Taliban survives because of its business of narcotics. And it is involved in every aspect of the narcotics trade from poppy planting, opium extraction, and trafficking to exacting protection money as taxes from cultivators and drug labs to charging smugglers fees for shipments bound for Africa, Europe, Canada, Russia, the Middle East, and other parts of Asia.
Such is the commitment to the narcotics trade that the Taliban disengages its fighters from their Islamic terrorism pursuit to harvest poppy crops.
The Taliban makes its money through illegal drug profits, as they manage opium in areas under their control. It reportedly imposes a 10 percent tax on every link in the drug production chain, according to a 2008 report from the Afghanistan Research and Evaluation Unit. That includes the Afghan farmers who cultivate poppy, the main ingredient in opium, the labs that convert it into a drug, and the traders who move the final product out of the country.

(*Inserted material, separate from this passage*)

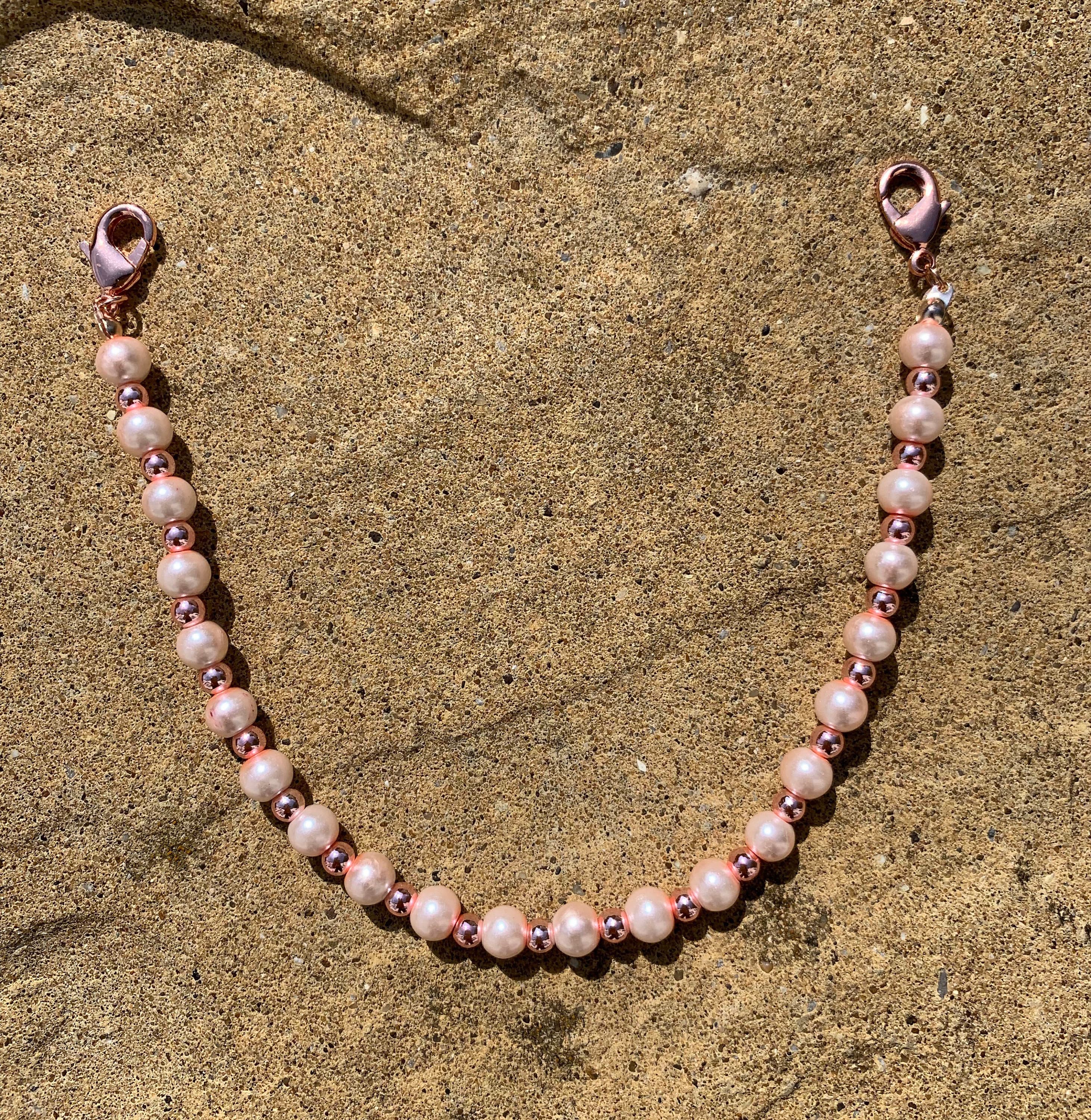 Handmade Rose Bead Hijab Face Mask Chain: Ear Saver Lanyard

A Brookings report titled, ‘Drugs, security, and counternarcotics policies in Afghanistan’ expressed:
Unfortunately, many of the counternarcotics policies adopted during most of the 2000s not only failed to reduce the size and scope of the illicit economy in Afghanistan, but also had serious counterproductive effects on the other objectives of peace, state-building, and economic reconstruction. In a courageous break with a previous counterproductive policy, the U.S. administration of President Barack Obama wisely decided in 2009 to scale back poppy eradication in Afghanistan, but it struggled to implement its new strategy effectively. The interdiction policy adopted in 2008 by the North Atlantic Treaty Organization’s (NATO) International Security Assistance Force for Afghanistan (ISAF) and then Resolute Support (RS) neither bankrupted and weakened the Taliban, nor systematically altered the structural drivers or political dynamics of the poppy economy, the strength of organized crime, and corruption in the region or encouraged regional cooperation. The U.S.-Taliban Doha deal of February 2020 precludes the United States from mounting such aerial bombing of opium/ heroin and ephedra/ ephedrine depots, labs, and transportation trucks. Rural development policies similarly failed to address the structural drivers of poppy cultivation and many were not sustainable. Most have withered with the significant intensification of insecurity in the country and the Taliban accruing ever-growing territorial control and influence.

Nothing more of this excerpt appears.